On one of his many recent tours of Iowa this week, New Jersey Governor and likely presidential candidate Chris Christie (R) spoke about his efforts to reform the state’s now troubled pension system — a talking point that helped Wisconsin Gov. Scott Walker (R) win support of conservative Iowans last month.
Christie emphasized how he has dramatically cut his administration’s spending on public employees and has increased employee contributions, among other “common sense steps,” according to the Des Moines Register. “Not only in my state but in 40 other states in this country, the pension and public employee health-benefit systems are going to be the thing that eats states alive if we don’t get them under control,” he said at a fundraiser in Des Moines.
But Christie’s attempts to shrink the state’s $80 billion public employee retirement system have actually been a “mess,” as the Wall Street Journal called his efforts. Last month, a state bond sale disclosure reported that the state’s unfunded liability had increased by almost $30 billion since 2011 and projected that six of New Jersey’s seven pension funds will go broke by 2027. The governor has also been the target of a lawsuit brought by three New Jersey pension funds for cutting state contributions.
To put it lightly, Christie’s plan to save billions of dollars from the state budget has not gone as smoothly as he had hoped. Although he first prioritized pension reform and made cuts in 2011, early in his first term, to ensure the “long-term solvency of the pension and benefit systems,” he resorted to cutting pension funding by an additional $900 million last year to close a budget gap. This year’s budget includes an even greater cut of $1.5 billion.
Late last year, state courts heard arguments over whether or not Christie had the power to make the drastic cut to the state’s contribution for this year. Ironically, the trustees filing the suit claim the cuts were made despite a law Christie signed during his first term in which the state promised to increase payments to the fund and which said the governor “must make the annual required contribution on a timely basis.” But lawyers for the Christie administration are now arguing that the Christie-supported law is “void and unenforceable.”
As Christie continues to make reforms to the state’s pension funds which hurt employees — including increasing their contributions and raising the penalties for early retirement — lawmakers in New Jersey’s Democrat-controlled legislature passed a tax increase on corporations and wealthy individuals in order to help employees and increase the government’s contribution to the retirement accounts. But Christie vetoed the bill which would have provided $2.25 billion to the pension fund, slashing the amount to $681 million.
“Current economic reality compels this reduction,” Christie wrote in his line-item veto message sent to legislators, according to reports.
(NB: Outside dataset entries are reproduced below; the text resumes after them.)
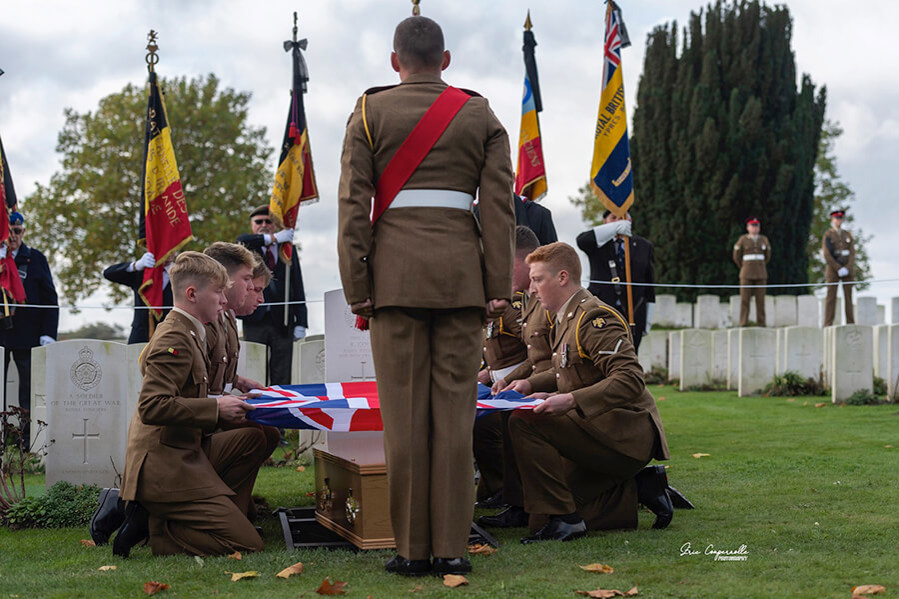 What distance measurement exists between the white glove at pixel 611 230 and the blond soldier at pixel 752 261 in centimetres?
1278

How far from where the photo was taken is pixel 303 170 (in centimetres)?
1082

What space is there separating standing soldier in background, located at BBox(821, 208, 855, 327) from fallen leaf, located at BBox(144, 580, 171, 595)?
17.5 m

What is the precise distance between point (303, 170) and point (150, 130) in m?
1.73

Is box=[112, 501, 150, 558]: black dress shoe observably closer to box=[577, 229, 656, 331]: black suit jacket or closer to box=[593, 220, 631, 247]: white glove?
box=[577, 229, 656, 331]: black suit jacket

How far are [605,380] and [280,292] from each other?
5835 millimetres

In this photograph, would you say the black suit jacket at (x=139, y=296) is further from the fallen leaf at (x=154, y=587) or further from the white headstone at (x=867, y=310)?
the white headstone at (x=867, y=310)

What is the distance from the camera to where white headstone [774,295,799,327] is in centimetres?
2627

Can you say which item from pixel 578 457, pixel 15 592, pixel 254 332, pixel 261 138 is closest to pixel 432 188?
pixel 578 457

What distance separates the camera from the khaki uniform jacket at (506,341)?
630cm

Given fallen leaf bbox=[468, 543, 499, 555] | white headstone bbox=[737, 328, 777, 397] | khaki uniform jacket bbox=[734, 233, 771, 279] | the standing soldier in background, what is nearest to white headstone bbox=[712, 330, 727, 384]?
white headstone bbox=[737, 328, 777, 397]

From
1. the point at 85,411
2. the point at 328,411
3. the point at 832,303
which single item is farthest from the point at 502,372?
the point at 832,303

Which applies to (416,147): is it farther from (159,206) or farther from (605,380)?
(159,206)

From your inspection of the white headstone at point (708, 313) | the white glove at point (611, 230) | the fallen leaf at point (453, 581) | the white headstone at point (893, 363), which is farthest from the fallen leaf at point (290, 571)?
the white headstone at point (708, 313)

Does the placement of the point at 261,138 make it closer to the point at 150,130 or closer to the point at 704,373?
the point at 704,373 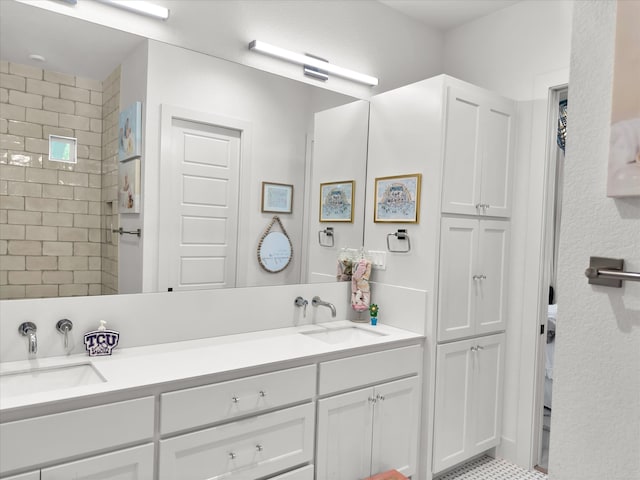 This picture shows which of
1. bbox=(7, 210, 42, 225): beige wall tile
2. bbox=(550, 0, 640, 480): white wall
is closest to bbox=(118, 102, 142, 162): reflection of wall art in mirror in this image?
bbox=(7, 210, 42, 225): beige wall tile

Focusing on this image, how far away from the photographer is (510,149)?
2.79 meters

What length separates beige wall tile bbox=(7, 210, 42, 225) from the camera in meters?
1.74

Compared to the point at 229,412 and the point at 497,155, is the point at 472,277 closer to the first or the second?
the point at 497,155

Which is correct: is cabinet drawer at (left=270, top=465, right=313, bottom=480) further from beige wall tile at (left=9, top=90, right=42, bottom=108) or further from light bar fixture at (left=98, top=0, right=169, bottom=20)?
light bar fixture at (left=98, top=0, right=169, bottom=20)

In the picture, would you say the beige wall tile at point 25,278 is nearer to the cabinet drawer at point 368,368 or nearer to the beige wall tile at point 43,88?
the beige wall tile at point 43,88

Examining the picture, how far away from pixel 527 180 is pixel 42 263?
2621mm

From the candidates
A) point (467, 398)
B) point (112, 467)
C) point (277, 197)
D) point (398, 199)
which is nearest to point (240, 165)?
point (277, 197)

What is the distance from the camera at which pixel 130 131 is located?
6.46 feet

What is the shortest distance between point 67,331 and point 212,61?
55.5 inches

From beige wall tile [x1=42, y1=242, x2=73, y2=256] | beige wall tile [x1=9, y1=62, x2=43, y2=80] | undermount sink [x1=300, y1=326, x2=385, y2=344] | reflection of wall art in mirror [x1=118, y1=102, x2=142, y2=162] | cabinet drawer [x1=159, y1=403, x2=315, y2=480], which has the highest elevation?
beige wall tile [x1=9, y1=62, x2=43, y2=80]

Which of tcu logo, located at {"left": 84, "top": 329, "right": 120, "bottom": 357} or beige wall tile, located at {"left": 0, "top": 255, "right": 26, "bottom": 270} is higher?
beige wall tile, located at {"left": 0, "top": 255, "right": 26, "bottom": 270}

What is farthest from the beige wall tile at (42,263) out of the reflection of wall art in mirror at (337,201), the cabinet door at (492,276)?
the cabinet door at (492,276)

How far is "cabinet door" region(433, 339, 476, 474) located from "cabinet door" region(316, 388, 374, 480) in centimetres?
52

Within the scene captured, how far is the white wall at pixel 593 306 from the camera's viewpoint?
1.08 m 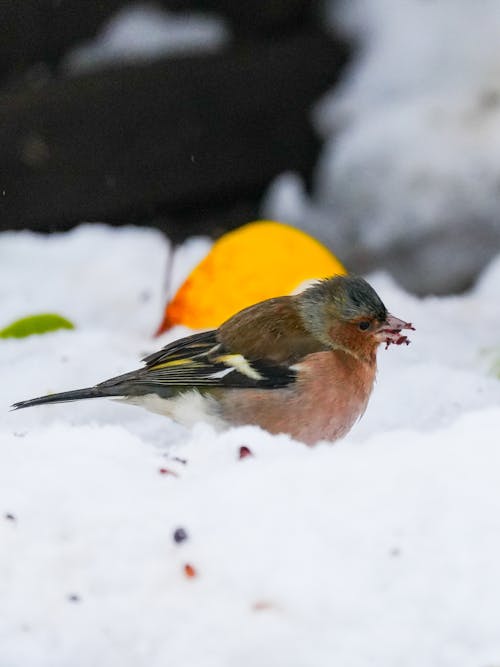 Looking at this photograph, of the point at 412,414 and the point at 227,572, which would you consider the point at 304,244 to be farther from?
the point at 227,572

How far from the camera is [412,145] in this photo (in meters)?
5.82

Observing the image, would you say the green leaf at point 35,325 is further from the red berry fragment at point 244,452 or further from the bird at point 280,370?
the red berry fragment at point 244,452

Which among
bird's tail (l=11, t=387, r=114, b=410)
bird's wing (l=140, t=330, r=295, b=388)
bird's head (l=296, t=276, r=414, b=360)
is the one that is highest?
bird's head (l=296, t=276, r=414, b=360)

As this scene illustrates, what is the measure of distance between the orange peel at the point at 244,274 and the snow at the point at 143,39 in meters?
1.94

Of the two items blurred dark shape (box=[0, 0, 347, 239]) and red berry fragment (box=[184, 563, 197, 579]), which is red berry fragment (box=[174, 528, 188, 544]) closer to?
red berry fragment (box=[184, 563, 197, 579])

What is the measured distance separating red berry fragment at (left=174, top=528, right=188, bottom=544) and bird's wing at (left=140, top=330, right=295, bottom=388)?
1.01m

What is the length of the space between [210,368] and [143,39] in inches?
112

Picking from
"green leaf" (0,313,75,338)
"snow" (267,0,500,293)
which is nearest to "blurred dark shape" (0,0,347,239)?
"snow" (267,0,500,293)

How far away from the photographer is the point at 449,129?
19.0 ft

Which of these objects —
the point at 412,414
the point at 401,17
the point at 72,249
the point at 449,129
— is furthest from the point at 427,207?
the point at 412,414

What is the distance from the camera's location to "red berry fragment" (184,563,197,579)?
183 centimetres

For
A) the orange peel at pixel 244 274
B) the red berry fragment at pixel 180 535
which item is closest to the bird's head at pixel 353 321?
the orange peel at pixel 244 274

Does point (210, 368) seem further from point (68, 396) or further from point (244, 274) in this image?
point (244, 274)

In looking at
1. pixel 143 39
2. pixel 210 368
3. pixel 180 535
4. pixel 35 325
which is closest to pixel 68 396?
pixel 210 368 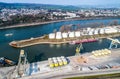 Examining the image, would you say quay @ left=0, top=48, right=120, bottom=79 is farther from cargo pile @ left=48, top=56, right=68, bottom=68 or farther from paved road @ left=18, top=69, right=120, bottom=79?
cargo pile @ left=48, top=56, right=68, bottom=68

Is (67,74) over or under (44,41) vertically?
under

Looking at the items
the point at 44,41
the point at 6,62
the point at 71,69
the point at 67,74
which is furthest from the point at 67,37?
the point at 67,74

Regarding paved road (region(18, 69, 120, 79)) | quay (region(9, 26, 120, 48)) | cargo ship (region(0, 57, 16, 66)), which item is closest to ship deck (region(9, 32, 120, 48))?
quay (region(9, 26, 120, 48))

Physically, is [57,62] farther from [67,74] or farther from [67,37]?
[67,37]


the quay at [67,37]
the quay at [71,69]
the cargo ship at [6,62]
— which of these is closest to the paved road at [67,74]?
the quay at [71,69]

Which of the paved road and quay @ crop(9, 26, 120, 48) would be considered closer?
the paved road

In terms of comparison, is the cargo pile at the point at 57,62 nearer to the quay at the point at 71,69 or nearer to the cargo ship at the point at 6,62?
the quay at the point at 71,69

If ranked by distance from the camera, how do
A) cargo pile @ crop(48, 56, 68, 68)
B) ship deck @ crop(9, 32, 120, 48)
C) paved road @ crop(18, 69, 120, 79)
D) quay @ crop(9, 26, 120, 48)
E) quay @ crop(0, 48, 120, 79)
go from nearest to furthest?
paved road @ crop(18, 69, 120, 79) → quay @ crop(0, 48, 120, 79) → cargo pile @ crop(48, 56, 68, 68) → ship deck @ crop(9, 32, 120, 48) → quay @ crop(9, 26, 120, 48)

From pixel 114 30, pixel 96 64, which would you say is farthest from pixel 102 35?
pixel 96 64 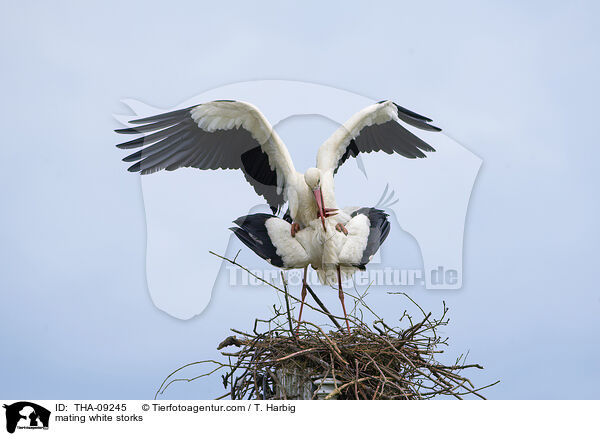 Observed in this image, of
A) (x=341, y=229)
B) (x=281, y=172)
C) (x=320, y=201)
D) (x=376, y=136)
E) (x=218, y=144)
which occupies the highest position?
(x=376, y=136)

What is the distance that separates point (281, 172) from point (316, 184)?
1.28 feet

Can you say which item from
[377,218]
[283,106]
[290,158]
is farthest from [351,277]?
[283,106]

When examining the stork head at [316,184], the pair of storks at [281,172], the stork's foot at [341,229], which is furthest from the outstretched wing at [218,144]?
the stork's foot at [341,229]

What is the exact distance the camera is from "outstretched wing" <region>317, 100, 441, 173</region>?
3.94 meters

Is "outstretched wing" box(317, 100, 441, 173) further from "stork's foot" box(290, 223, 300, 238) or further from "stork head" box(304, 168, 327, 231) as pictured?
"stork's foot" box(290, 223, 300, 238)

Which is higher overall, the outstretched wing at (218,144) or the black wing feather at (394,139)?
the black wing feather at (394,139)

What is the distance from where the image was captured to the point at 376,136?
446 centimetres

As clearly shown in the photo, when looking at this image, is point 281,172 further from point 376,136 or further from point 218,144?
point 376,136

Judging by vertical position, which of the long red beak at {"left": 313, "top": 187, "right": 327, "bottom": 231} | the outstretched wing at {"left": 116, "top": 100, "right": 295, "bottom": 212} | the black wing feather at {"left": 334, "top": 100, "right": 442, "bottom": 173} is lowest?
the long red beak at {"left": 313, "top": 187, "right": 327, "bottom": 231}

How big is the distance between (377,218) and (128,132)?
5.09 feet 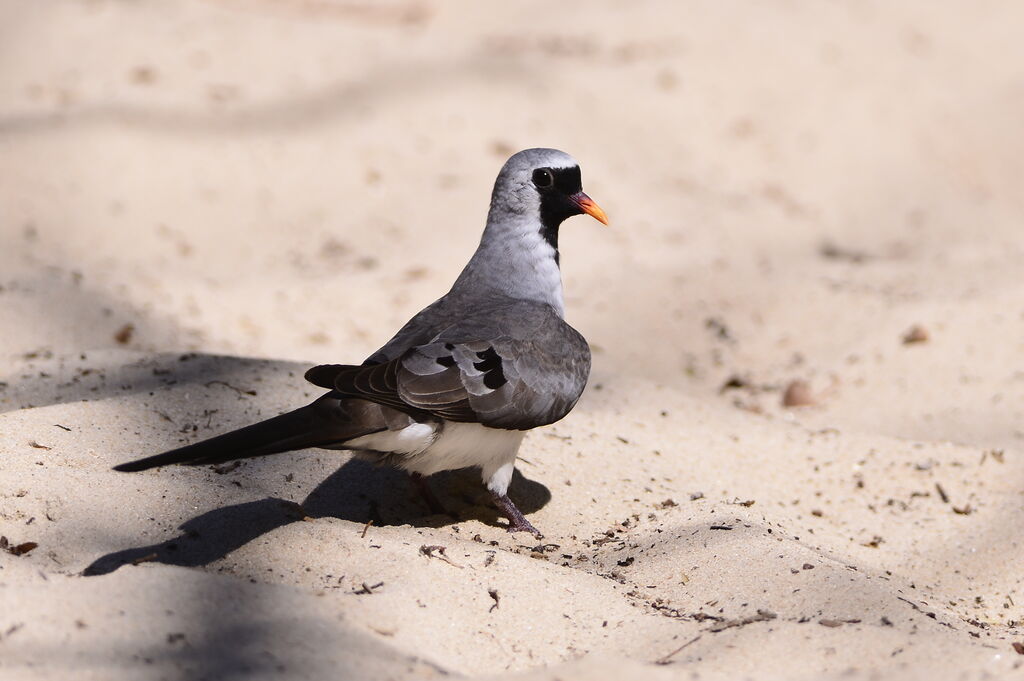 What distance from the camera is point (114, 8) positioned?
28.8ft

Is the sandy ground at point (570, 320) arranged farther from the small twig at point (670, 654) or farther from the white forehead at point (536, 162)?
the white forehead at point (536, 162)

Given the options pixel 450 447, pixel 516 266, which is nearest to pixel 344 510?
pixel 450 447

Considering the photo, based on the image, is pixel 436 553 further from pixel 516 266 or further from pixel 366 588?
pixel 516 266

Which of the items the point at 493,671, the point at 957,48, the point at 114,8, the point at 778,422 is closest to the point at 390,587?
the point at 493,671

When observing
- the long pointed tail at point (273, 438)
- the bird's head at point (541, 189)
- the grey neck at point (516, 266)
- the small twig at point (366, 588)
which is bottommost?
the small twig at point (366, 588)

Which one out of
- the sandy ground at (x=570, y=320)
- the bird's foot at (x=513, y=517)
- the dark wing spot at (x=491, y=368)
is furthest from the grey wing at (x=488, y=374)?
the sandy ground at (x=570, y=320)

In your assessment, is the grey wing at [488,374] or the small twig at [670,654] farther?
the grey wing at [488,374]

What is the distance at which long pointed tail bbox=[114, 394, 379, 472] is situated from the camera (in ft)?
9.91

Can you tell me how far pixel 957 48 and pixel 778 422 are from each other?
6064mm

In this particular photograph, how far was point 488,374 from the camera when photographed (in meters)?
Result: 3.63

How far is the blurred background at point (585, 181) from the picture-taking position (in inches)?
230

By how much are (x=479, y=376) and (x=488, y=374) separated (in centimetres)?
3

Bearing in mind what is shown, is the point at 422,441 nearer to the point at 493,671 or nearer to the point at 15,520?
the point at 493,671

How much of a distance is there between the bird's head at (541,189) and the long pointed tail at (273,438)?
3.96ft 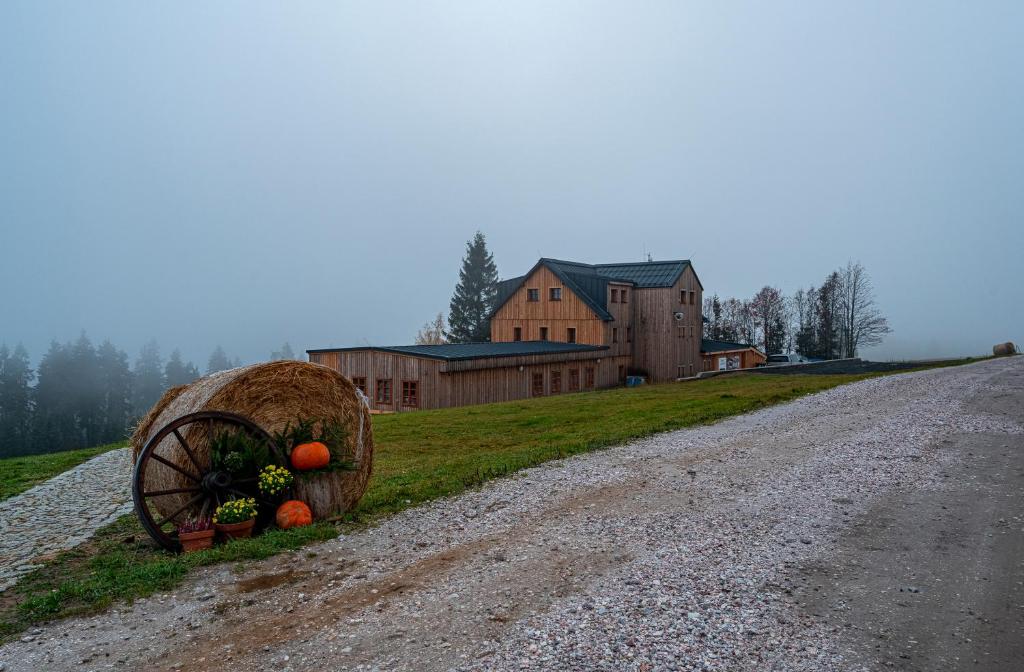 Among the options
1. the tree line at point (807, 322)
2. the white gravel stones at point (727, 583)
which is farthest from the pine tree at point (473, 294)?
the white gravel stones at point (727, 583)

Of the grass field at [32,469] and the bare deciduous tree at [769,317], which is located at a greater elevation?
the bare deciduous tree at [769,317]

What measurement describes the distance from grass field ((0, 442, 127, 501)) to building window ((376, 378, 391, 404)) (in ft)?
Answer: 47.0

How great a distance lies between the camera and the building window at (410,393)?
32.2m

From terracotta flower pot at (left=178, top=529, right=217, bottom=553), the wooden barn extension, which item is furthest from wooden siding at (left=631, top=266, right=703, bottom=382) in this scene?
terracotta flower pot at (left=178, top=529, right=217, bottom=553)

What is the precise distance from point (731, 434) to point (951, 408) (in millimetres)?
7133

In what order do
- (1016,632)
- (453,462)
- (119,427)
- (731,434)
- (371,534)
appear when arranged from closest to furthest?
(1016,632) < (371,534) < (453,462) < (731,434) < (119,427)

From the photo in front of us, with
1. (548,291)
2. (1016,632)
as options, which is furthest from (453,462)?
(548,291)

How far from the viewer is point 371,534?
28.8 ft

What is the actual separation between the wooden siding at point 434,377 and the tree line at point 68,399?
49606 millimetres

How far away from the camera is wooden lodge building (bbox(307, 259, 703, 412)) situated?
34.7 metres

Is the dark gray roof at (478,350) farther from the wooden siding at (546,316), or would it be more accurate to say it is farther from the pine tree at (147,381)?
the pine tree at (147,381)

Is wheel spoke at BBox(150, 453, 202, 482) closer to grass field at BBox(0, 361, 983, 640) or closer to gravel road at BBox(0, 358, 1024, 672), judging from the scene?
grass field at BBox(0, 361, 983, 640)

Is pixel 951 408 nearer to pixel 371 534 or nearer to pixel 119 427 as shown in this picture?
pixel 371 534

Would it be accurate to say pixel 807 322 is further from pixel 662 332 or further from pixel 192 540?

Then in August, Christie attempted to rescue his image and formed a bipartisan committee to look into the state’s struggling system. But Democratic lawmakers were reluctant to cooperate. “The governor broke his promise to fund the pension system,” state Senate President Stephen Sweeney (D) said in a statement. “The fact remains that the problems will be fixed if he simply keeps his word and provides the appropriate funding. Until the governor decides to keep that commitment, there will be no further discussion between us on pensions.”
Though Christie once hyped his ability to initiate pension reform in a Democratic state –- a move he thought would win him national support for a presidential campaign he hopes to launch this year — the governor’s recent reluctance to raise taxes or work with Democratic lawmakers to pay for the dramatic cuts is not likely to draw him praise as he tours the country in advance of his campaign. According to reports from the event in Iowa Monday, “Christie’s audience was relatively small and largely silent.”